> _About this exercise_: The entries need to be copied exactly.

> _Records supplied_:

#####

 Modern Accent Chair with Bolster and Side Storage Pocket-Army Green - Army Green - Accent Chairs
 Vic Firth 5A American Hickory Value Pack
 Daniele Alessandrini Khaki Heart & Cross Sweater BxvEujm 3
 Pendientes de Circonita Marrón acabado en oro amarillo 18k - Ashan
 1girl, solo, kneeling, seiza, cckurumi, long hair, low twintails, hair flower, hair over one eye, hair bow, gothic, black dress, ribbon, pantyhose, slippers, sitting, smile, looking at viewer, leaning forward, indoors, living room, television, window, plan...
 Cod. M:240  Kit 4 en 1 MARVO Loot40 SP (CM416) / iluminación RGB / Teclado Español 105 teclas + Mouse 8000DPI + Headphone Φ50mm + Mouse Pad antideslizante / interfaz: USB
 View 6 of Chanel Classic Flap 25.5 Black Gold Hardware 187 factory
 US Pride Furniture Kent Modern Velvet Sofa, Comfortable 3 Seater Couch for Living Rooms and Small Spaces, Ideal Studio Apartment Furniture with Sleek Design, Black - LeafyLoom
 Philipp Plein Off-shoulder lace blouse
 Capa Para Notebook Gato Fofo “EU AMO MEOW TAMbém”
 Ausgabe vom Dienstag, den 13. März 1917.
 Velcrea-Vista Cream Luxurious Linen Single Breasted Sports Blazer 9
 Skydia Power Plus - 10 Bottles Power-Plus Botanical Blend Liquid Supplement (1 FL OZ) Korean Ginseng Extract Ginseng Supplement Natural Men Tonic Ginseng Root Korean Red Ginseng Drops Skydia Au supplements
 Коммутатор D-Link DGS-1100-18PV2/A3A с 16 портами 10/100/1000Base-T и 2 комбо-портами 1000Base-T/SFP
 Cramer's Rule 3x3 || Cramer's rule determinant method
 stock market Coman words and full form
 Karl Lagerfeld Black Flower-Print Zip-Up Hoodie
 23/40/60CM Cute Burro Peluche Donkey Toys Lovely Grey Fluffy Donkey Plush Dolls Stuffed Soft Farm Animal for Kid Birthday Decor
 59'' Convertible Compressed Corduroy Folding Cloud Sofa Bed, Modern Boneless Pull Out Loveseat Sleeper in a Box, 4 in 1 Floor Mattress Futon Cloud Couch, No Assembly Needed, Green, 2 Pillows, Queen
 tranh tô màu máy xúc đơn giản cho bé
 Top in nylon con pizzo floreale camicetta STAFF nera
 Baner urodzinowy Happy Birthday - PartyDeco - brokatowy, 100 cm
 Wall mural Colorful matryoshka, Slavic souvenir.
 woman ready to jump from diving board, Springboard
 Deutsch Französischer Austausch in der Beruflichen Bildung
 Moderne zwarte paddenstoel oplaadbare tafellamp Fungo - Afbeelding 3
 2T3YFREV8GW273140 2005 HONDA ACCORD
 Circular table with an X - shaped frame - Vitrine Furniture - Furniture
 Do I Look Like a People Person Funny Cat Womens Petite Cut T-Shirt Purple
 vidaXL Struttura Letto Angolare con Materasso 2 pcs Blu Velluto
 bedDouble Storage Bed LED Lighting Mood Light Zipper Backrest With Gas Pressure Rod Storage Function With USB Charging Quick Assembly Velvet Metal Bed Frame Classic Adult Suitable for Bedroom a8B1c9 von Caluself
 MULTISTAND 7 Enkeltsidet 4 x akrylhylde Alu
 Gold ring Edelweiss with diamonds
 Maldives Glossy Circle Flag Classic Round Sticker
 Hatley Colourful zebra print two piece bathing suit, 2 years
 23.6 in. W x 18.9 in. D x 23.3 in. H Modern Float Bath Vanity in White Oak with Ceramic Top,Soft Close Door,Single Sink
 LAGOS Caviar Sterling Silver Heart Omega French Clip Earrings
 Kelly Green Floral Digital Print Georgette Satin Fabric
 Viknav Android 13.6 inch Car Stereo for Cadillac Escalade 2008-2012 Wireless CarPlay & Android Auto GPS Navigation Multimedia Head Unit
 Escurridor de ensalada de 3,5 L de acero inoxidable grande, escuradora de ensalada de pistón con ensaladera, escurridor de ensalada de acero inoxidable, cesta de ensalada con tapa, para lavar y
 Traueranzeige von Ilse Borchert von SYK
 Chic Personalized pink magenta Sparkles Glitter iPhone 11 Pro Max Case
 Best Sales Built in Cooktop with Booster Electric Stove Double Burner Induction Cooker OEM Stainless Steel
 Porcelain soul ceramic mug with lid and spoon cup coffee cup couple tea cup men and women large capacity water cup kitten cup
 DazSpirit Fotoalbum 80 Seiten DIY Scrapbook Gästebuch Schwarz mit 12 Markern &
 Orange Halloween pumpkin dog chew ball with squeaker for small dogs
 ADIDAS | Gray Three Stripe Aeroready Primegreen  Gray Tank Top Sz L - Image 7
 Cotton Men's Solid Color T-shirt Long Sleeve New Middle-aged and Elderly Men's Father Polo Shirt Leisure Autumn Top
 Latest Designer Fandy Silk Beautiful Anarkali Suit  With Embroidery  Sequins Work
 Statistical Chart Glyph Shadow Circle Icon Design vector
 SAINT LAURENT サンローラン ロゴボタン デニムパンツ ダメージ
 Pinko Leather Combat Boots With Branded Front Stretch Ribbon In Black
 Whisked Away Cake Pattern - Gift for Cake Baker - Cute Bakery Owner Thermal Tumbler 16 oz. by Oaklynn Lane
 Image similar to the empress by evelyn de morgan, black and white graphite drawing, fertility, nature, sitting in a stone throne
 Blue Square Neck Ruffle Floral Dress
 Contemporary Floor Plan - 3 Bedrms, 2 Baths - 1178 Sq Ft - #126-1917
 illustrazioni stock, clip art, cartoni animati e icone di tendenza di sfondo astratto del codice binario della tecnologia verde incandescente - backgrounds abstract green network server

#####

> _Written response_:
 Modern Accent Chair with Bolster and Side Storage Pocket-Army Green - Army Green - Accent Chairs
 Vic Firth 5A American Hickory Value Pack
 Daniele Alessandrini Khaki Heart & Cross Sweater BxvEujm 3
 Pendientes de Circonita Marrón acabado en oro amarillo 18k - Ashan
 1girl, solo, kneeling, seiza, cckurumi, long hair, low twintails, hair flower, hair over one eye, hair bow, gothic, black dress, ribbon, pantyhose, slippers, sitting, smile, looking at viewer, leaning forward, indoors, living room, television, window, plan...
 Cod. M:240  Kit 4 en 1 MARVO Loot40 SP (CM416) / iluminación RGB / Teclado Español 105 teclas + Mouse 8000DPI + Headphone Φ50mm + Mouse Pad antideslizante / interfaz: USB
 View 6 of Chanel Classic Flap 25.5 Black Gold Hardware 187 factory
 US Pride Furniture Kent Modern Velvet Sofa, Comfortable 3 Seater Couch for Living Rooms and Small Spaces, Ideal Studio Apartment Furniture with Sleek Design, Black - LeafyLoom
 Philipp Plein Off-shoulder lace blouse
 Capa Para Notebook Gato Fofo “EU AMO MEOW TAMbém”
 Ausgabe vom Dienstag, den 13. März 1917.
 Velcrea-Vista Cream Luxurious Linen Single Breasted Sports Blazer 9
 Skydia Power Plus - 10 Bottles Power-Plus Botanical Blend Liquid Supplement (1 FL OZ) Korean Ginseng Extract Ginseng Supplement Natural Men Tonic Ginseng Root Korean Red Ginseng Drops Skydia Au supplements
 Коммутатор D-Link DGS-1100-18PV2/A3A с 16 портами 10/100/1000Base-T и 2 комбо-портами 1000Base-T/SFP
 Cramer's Rule 3x3 || Cramer's rule determinant method
 stock market Coman words and full form
 Karl Lagerfeld Black Flower-Print Zip-Up Hoodie
 23/40/60CM Cute Burro Peluche Donkey Toys Lovely Grey Fluffy Donkey Plush Dolls Stuffed Soft Farm Animal for Kid Birthday Decor
 59'' Convertible Compressed Corduroy Folding Cloud Sofa Bed, Modern Boneless Pull Out Loveseat Sleeper in a Box, 4 in 1 Floor Mattress Futon Cloud Couch, No Assembly Needed, Green, 2 Pillows, Queen
 tranh tô màu máy xúc đơn giản cho bé
 Top in nylon con pizzo floreale camicetta STAFF nera
 Baner urodzinowy Happy Birthday - PartyDeco - brokatowy, 100 cm
 Wall mural Colorful matryoshka, Slavic souvenir.
 woman ready to jump from diving board, Springboard
 Deutsch Französischer Austausch in der Beruflichen Bildung
 Moderne zwarte paddenstoel oplaadbare tafellamp Fungo - Afbeelding 3
 2T3YFREV8GW273140 2005 HONDA ACCORD
 Circular table with an X - shaped frame - Vitrine Furniture - Furniture
 Do I Look Like a People Person Funny Cat Womens Petite Cut T-Shirt Purple
 vidaXL Struttura Letto Angolare con Materasso 2 pcs Blu Velluto
 bedDouble Storage Bed LED Lighting Mood Light Zipper Backrest With Gas Pressure Rod Storage Function With USB Charging Quick Assembly Velvet Metal Bed Frame Classic Adult Suitable for Bedroom a8B1c9 von Caluself
 MULTISTAND 7 Enkeltsidet 4 x akrylhylde Alu
 Gold ring Edelweiss with diamonds
 Maldives Glossy Circle Flag Classic Round Sticker
 Hatley Colourful zebra print two piece bathing suit, 2 years
 23.6 in. W x 18.9 in. D x 23.3 in. H Modern Float Bath Vanity in White Oak with Ceramic Top,Soft Close Door,Single Sink
 LAGOS Caviar Sterling Silver Heart Omega French Clip Earrings
 Kelly Green Floral Digital Print Georgette Satin Fabric
 Viknav Android 13.6 inch Car Stereo for Cadillac Escalade 2008-2012 Wireless CarPlay & Android Auto GPS Navigation Multimedia Head Unit
 Escurridor de ensalada de 3,5 L de acero inoxidable grande, escuradora de ensalada de pistón con ensaladera, escurridor de ensalada de acero inoxidable, cesta de ensalada con tapa, para lavar y
 Traueranzeige von Ilse Borchert von SYK
 Chic Personalized pink magenta Sparkles Glitter iPhone 11 Pro Max Case
 Best Sales Built in Cooktop with Booster Electric Stove Double Burner Induction Cooker OEM Stainless Steel
 Porcelain soul ceramic mug with lid and spoon cup coffee cup couple tea cup men and women large capacity water cup kitten cup
 DazSpirit Fotoalbum 80 Seiten DIY Scrapbook Gästebuch Schwarz mit 12 Markern &
 Orange Halloween pumpkin dog chew ball with squeaker for small dogs
 ADIDAS | Gray Three Stripe Aeroready Primegreen  Gray Tank Top Sz L - Image 7
 Cotton Men's Solid Color T-shirt Long Sleeve New Middle-aged and Elderly Men's Father Polo Shirt Leisure Autumn Top
 Latest Designer Fandy Silk Beautiful Anarkali Suit  With Embroidery  Sequins Work
 Statistical Chart Glyph Shadow Circle Icon Design vector
 SAINT LAURENT サンローラン ロゴボタン デニムパンツ ダメージ
 Pinko Leather Combat Boots With Branded Front Stretch Ribbon In Black
 Whisked Away Cake Pattern - Gift for Cake Baker - Cute Bakery Owner Thermal Tumbler 16 oz. by Oaklynn Lane
 Image similar to the empress by evelyn de morgan, black and white graphite drawing, fertility, nature, sitting in a stone throne
 Blue Square Neck Ruffle Floral Dress
 Contemporary Floor Plan - 3 Bedrms, 2 Baths - 1178 Sq Ft - #126-1917
 illustrazioni stock, clip art, cartoni animati e icone di tendenza di sfondo astratto del codice binario della tecnologia verde incandescente - backgrounds abstract green network server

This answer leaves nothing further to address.